**Task data**
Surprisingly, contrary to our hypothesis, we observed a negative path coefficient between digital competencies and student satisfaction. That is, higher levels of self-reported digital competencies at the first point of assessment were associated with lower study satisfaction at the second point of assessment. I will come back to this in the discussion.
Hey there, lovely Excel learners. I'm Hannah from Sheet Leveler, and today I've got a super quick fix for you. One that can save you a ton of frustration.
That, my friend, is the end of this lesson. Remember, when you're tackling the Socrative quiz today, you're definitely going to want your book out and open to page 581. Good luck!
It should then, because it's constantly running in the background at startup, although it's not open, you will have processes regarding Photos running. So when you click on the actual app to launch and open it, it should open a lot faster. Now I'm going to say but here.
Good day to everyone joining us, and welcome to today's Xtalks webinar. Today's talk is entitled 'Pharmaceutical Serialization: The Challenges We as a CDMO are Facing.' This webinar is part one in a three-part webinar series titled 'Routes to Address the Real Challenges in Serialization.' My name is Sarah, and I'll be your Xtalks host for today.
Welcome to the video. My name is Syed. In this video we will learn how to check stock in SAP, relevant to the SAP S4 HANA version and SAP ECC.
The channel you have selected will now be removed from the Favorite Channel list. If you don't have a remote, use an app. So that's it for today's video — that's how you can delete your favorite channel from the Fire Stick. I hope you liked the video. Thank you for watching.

==

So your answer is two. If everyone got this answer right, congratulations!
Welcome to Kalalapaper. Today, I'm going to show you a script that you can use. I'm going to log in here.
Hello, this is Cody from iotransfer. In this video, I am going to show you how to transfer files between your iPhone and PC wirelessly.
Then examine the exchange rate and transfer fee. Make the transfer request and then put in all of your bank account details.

**Work instructions**
Start with the line above that contains "Hello, this is" and stop after the line that contains "Then examine the". Output those lines exactly, and only those.

**Solved problem**
Hello, this is Cody from iotransfer. In this video, I am going to show you how to transfer files between your iPhone and PC wirelessly.
Then examine the exchange rate and transfer fee. Make the transfer request and then put in all of your bank account details.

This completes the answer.